Kaplan offers a quick list of the essential factors a platform player has to have in place in order to win a meaningful share of the market:

  • Easy to use, ‘standards’ oriented development code
  • Reliable and secure development environment
  • Automated and flexible procurement capabilities
  • Name recognition and brand equity
  • Customer base and channels to market
  • Developer/Partner network

Ignore the Hard Sell

William Band, a principal analyst with Forrester Research, also addresses the dilemmas facing CRM buyers today.

Major CRM applications vendors will be making a big push this year to persuade customers to move onto the latest release of their applications, he says. “Vendors have invested heavily during the past 18 months to improve their UIs, and have re-architected their solutions to make it easier to migrate to new versions. In the coming year, they will be pressing hard for a payback on this investment. Expect that you will get a lot of calls from software [salesmen] during the next six months.”

Ignore the hard sell, Band advises.

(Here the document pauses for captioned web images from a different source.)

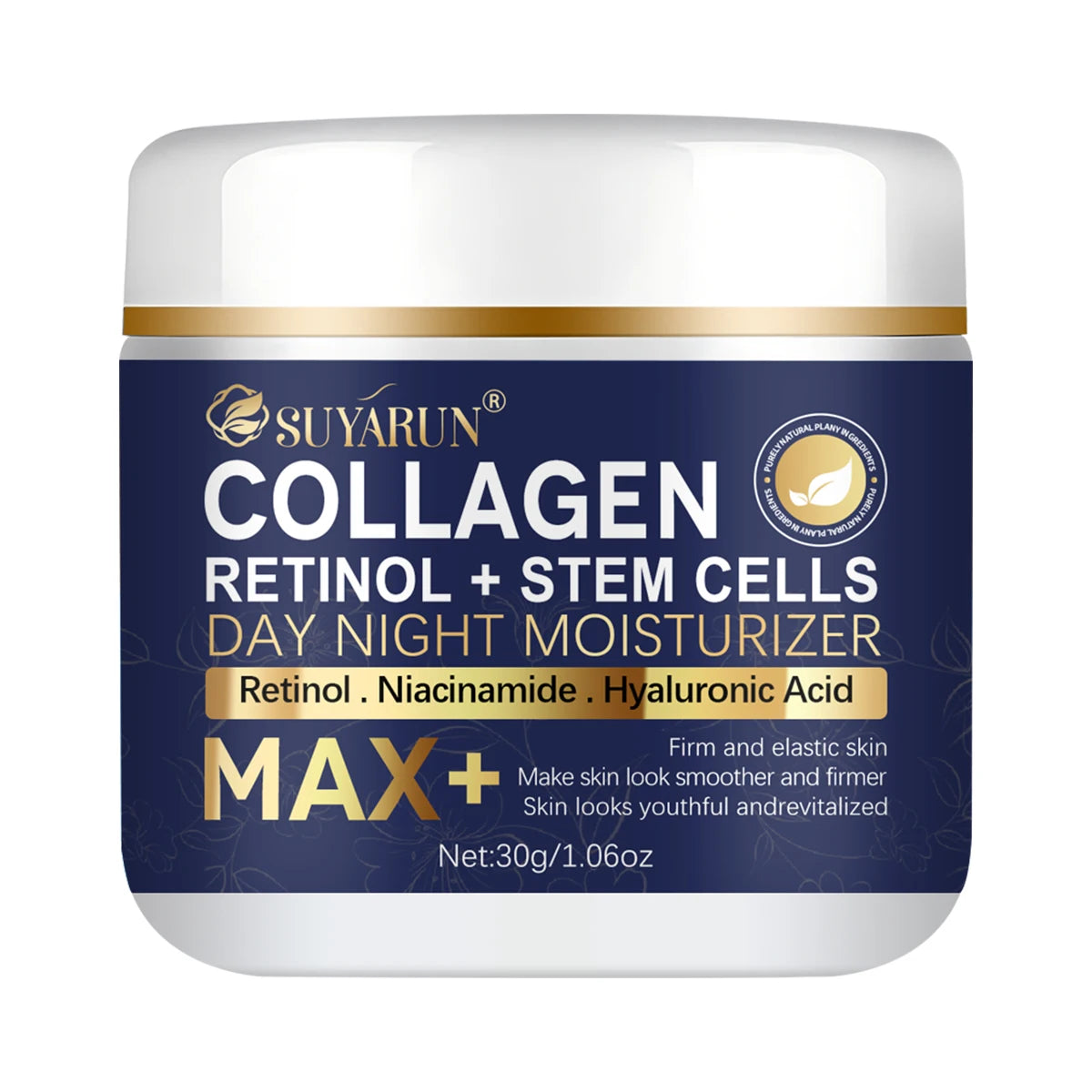 SUYARUN Anti-Aging Retinol Collagen Stem Cell Face Cream - Firming Hydrating Moisturizer Reduces Wrinkles & Fine Lines, All Skin Peaceful Pleasures Health and Wellness 30g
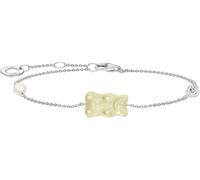 Armband THOMAS SABO "THOMAS x HARIBO Schmuck: mit Goldbär" Armbänder Gr. 19, Silber 925 (Sterlingsilber)-Perlen, weiß (silberfarben, kristallweiß, weiß, weiß) Damen (21892351-19) silberfarben, kristallweiß, weiß, kristallweiß, weiß
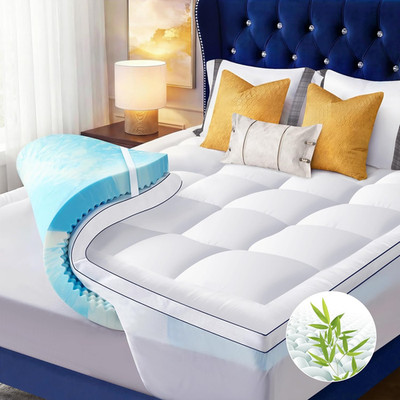 King Size Dual Layer 4 Inch Memory Foam Mattress Topper, 2 Inch Cooling Gel Memo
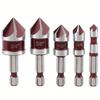 Set di 5 punte svasatrici M35 al Cobalto, 5 taglienti, 82°, codolo esagonale da 1/4", 1/4 3/8 1/2 5/8, con supporto a striscia per la lavorazione dei metalli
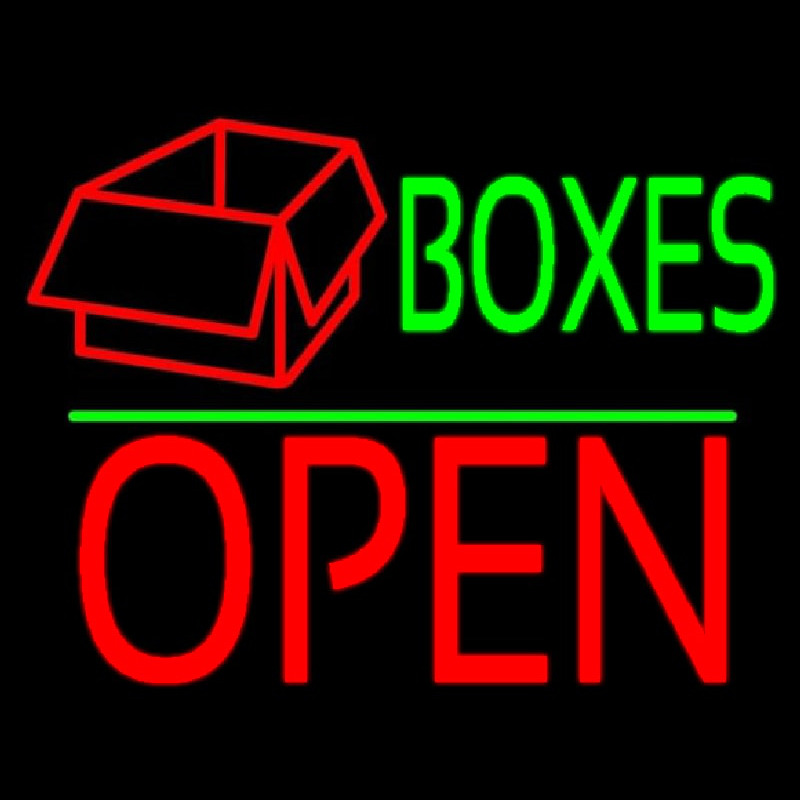 Green Bo es Red Logo With Open 1 Neon Skilt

Instead, concentrate on the following points to see whether the benefits that may accrue from upgrading are worth the investment: revenue improvements; process improvements; productivity increases; reduction of ongoing CRM app customizations; extension of vendor technical support; and avoidance of increased support fees.

In Brief

While not busy with his duties at SugarCRM, Director of Product Marketing Martin Schneider has been contributing to the new CRM Outsiders blog. In a post on social networking, he considers what the next generation of B2B (business-to-business) social networking and online communities could look like.

“I think that as unified communications (UC), social networks, and CRM all converge, there will be a new kind of virtual sales model. Imagine — you are a customer, and you’re looking through a product catalog and have a question. Instantly, your rep pings you through a next generation social network (supported internally via a CRM system) and you enter into a virtual session where you can see and hear that rep paging through a catalog, pointing out product configurations, citing discount promotions, etc. as if she was right in the room with you. In this economy, it gives the high touch needed to provide a great sales experience, but without all the costs (and energy consumption) of actual travel.”

Guido Oswald, a senior solution engineer at Progress Software recently noticed a new group on Facebook called “I hate SIEBEL” — a gathering of people who are frustrated with the Siebel CRM Platform.

With 320 comments on the Wall and counting, the group could do serious damage to the Siebel and Oracle brand — and unfairly, he wrote.

“My understanding is that the group was created as a platform to shout out the frustration at Telstra when they moved to the new CRM front end … As I was involved in the efforts at Telstra to re-vamp their complete IT, I have a rough understanding how things work there — or [are] supposed to work I must say. And although I was competing against Siebel and Oracle in my previous job at Amdocs and do not know what exactly is causing the trouble at Telstra, I doubt that Siebel and the CRM Front end is the only root-cause for this,” says Oswald.

“Interesting enough how thing have evolved, though, he continues. “Siebel gets hammered (being the visible part to the agents) for all the issues with Telstras NextGen BSS/OSS System. This seems to be a very good example of the dynamics in the Web 2.0 and the possible harm that users can do to a brand. It shows the importance of a CRM 2.0 strategy and the (currently) missing awareness in some companies.”

Microsoft’s customers are wondering how they’ll be affected when the company’s workforce becomes 5,000 less strong. It appears that a lot of the cuts will be in administrative areas, according to CEO Steve Ballmer’s memo on the subject, posted online by WSJ tech columnist Kara Swisher. Still, R&D is being targeted, which could prove to be short-sighted.